父も母も基本的には毎晩20時頃までお店に出ていたものの、店舗と自宅は100mくらいしか離れていないので、まったく寂しくはなかった。困ったら店に行けば母も父もいた。
夕方になると母は夕食をつくりに家に戻ってきて、一緒に食事をしたあとまたお店に戻るのだった。それに着いていくことも多々あった。
母に付き添って店に行き、閉店後のお店の掃除をしたり、そのご褒美で売り場のアイス(スーパーカップチョコチップバニラ)をもらったり、あるいはゴム鉄砲で射撃大会をしたり、やっちゃいけないことをやってる感が好きだった。家族以外誰もいない夜の店内が好きだった。
たしか自分が小学3年生だったころ、店舗を改装し、クリーニング店を併設し、カメラ現像のサービスも開始した。アルバイトさんも2人くらい増えたと思う。
以来、カメラ現像窓口のバックヤードが大好きになった。
フィルムの匂い、機械に囲まれた部屋、廃棄される大量の写ルンですに わくわくした。
つま先が着くか着かないかくらいの回転いすがあって、くるくる回りながら思いつくイタズラの限りを尽くした。

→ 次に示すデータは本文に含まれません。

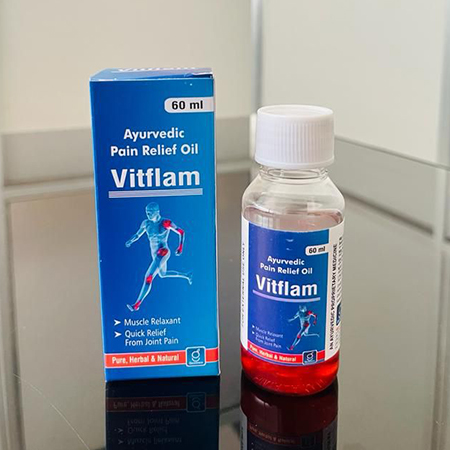 Product Name: Vitflam, Compositions of Vitflam are Ayurvedic Pain Relief Oil - Gainmed Biotech Private Limited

正面入り口側では、焼き鳥の露店販売もやっていた。ここを担当するアルバイトのお兄さん(たぶん当時18歳くらい)と仲良くなった。色黒で反町隆史みたいな感じのガチのイケメンだった。名前はタケトモ。呼び捨てにして追い掛け回されては、優しい抱擁で捕まえてくれるのが好きだった。
そんな大好きなハタヤは、自分が小学5年生のときに突如 倒産した。
同年、お店を裏方で支えていた祖母も逝った。
債務超過で数千万円単位の借金だけが残った。これは大人になってから両親から聞いたのであって、当時は「倒産」の意味もよくわかっていないので、「なんとなくまずいことが起きた」くらいの認識だったと思う。
倒産後は、父も母も働きに出た。父は会社員となり母もアルバイトを始めた。夜は二人とも別の仕事を掛け持ちしていた。とにかく両親とも夜となく昼となく働いていた。当時を振り返って酒を飲むと、超貧乏だったと母は言う。
だが、ぼく目線では「決して裕福ではない」ことは理解していたが、だからといって友達と比べて特別に貧乏だとも思ってなかった。だがそれは勘違いらしい。特別に貧乏だったらしいのだ。
両親を心から尊敬している。だって僕は幸せだったから。
兄や弟は、どう感じてたんだろ。今度会ったら本音を聞いてみたい。
ちなみに、当時の借金は、2022年11月をもって完済したと聞いた。
おとうもおかあも頑張ったね。
今日現在で2人とも57歳。会社勤めはとっくにやめていて2人でまた自営業をしてる。
まだまだ働くらしい。そろそろ休め。あとは俺らに任しとけ。